COLUNA DOMINICAL



(publicada ontem, no Lance!)

O CORAÇÃO NÃO PENSA

Se Paulo Nobre trabalhasse nos Estados Unidos, comandando uma franquia de qualquer das quatro principais ligas esportivas do país, a repercussão sobre sua última decisão seria amplamente positiva.

Imagine o dirigente palmeirense (como observou o colega Paulo Cobos, em conversa na redação do site da ESPN) no papel de gerente geral de um time da NBA, por exemplo. Imagine que este time está em um ano de reconstrução do elenco e recuperação de sua estrutura financeira. Além dos objetivos esportivos que se apresentam, a necessidade mais urgente é reconfigurar o orçamento e executar um projeto que permita ao clube ser competitivo por um longo período.

Há um jogador neste time que é diferente dos outros. Vamos chamá-lo, por diversão, de Herny Boats. O torcedor o admira por sua qualidade e sua dedicação. Talvez seja um exagero qualificá-lo como ídolo, pelo pouco tempo de casa. Mas ele é certamente o principal condutor da relação entre torcida e time nesta época difícil. Uma razão para ir ao estádio, para ter esperança.

Por todas essas razões, Boats é muito bem pago. Tem um dos maiores salários do time. Mas apesar de seu comportamento impecável em campo, ele já revelou publicamente seu desconforto por jogar num time que não brigará pelos títulos mais importantes da temporada.

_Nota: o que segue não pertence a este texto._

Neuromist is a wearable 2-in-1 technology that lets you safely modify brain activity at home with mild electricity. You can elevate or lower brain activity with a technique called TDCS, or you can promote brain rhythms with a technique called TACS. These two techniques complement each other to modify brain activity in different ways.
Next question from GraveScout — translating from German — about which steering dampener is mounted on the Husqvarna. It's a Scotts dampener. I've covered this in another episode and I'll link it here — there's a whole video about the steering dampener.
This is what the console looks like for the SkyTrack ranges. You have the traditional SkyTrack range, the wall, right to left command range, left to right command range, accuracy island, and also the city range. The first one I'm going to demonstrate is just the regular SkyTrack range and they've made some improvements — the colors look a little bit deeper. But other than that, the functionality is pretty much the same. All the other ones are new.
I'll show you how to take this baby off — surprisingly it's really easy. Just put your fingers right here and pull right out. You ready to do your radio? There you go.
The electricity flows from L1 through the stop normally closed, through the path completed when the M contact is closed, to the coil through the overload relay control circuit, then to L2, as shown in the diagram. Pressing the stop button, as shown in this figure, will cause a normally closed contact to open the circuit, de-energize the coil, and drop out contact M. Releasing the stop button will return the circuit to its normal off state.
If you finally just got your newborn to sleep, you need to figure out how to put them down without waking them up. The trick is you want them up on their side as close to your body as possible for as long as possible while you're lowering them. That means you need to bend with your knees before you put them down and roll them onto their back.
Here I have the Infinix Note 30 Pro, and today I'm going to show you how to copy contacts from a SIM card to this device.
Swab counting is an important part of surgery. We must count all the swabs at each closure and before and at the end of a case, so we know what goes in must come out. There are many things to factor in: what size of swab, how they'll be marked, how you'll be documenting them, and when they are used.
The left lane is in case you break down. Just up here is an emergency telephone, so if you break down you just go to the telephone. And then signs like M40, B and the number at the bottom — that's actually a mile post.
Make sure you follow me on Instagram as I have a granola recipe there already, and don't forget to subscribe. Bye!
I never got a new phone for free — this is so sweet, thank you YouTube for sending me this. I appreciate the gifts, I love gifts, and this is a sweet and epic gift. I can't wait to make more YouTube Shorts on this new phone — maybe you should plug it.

Há também uma dívida parcelada, do pagamento de sua contratação, que o clube ainda não honrou.

Eis que um dia chega uma proposta de outro time por Herny Boats. Não é apenas uma oferta em dinheiro por ele. Os interessados estão dispostos a pagar uma boa soma, assumir a dívida com o ex-clube do jogador, e ainda mandar cinco atletas em troca. Nenhum é bom como Boats, mas todos têm razoáveis possibilidades de ajudar, agora e no futuro.

Fechar a negociação significaria 1) mover um contrato pesado, 2) livrar-se de uma pendência financeira, e 3) alimentar o elenco com cinco jogadores em diferentes posições. Tudo numa canetada só. O preço? Perder um jogador valioso, cortar – temporariamente – a conexão com a torcida, assumir o ônus por uma decisão questionável do ponto de vista emocional.

Lembre-se, estamos falando da NBA. Um ambiente em que dirigentes são administradores, franquias têm gestão profissional e decisões baseiam-se nos seus melhores interesses a médio e longo prazo. Sim, há sacrifícios financeiros e certas irresponsabilidades cometidas em nome de uma chance de vencer imediatamente, mas (quase) sempre dentro de um contexto estratégico que faz sentido. Na NBA, Herny Boats seria negociado num piscar de olhos e o executivo que assinasse os papéis receberia cumprimentos por sua visão e coragem.

Ocorre, claro, que Paulo Nobre não trabalha no mercado esportivo americano, o Palmeiras não está na NBA, e o futebol tem algo que o distingue: a relação das pessoas com seus times, na enorme maioria dos casos, é irracional. O coração não foi feito para pensar.

O grande desafio do palmeirense em 2013 talvez seja exatamente esse: ensinar o coração a raciocinar. Ou aprender a torcer com o cérebro. E esperar que um dirigente capaz de tomar decisões impopulares tenha sucesso.

TRÊS TOQUES

OPINIÃO…

Joey Barton é aquele cara que esmurra quem lhe dá bom dia na hora errada, que faz xixi embaixo da mesa do bar, que xinga o garçom que deixou seu copo vazio. É um acidente esperando para acontecer, como bem disse Bono (não sobre Barton, que fique claro). Mas é curioso como seu preconceituoso e provocador tweet sobre Neymar e a “liga da selva amazônica” despertou em tanta gente um amor repentino sobre essa região do Brasil.

… TODO MUNDO…

Quanto ao que Barton disse sobre o futebol de Neymar (“não anda na mesma rua de Messi e Ronaldo”), foi uma opinião baseada no que ele vê de perto, com frequência, e no que vê de longe, de vez em quando. Uma comparação que não pode ser feita, porque não há elementos comuns. Mas que não deve estar distante da verdade. Ainda. Aliás, se ele acrescentasse o “ainda”, poucos o criticariam.

… TEM

O fato é que não deveríamos nos preocupar com o que Joey Barton diz.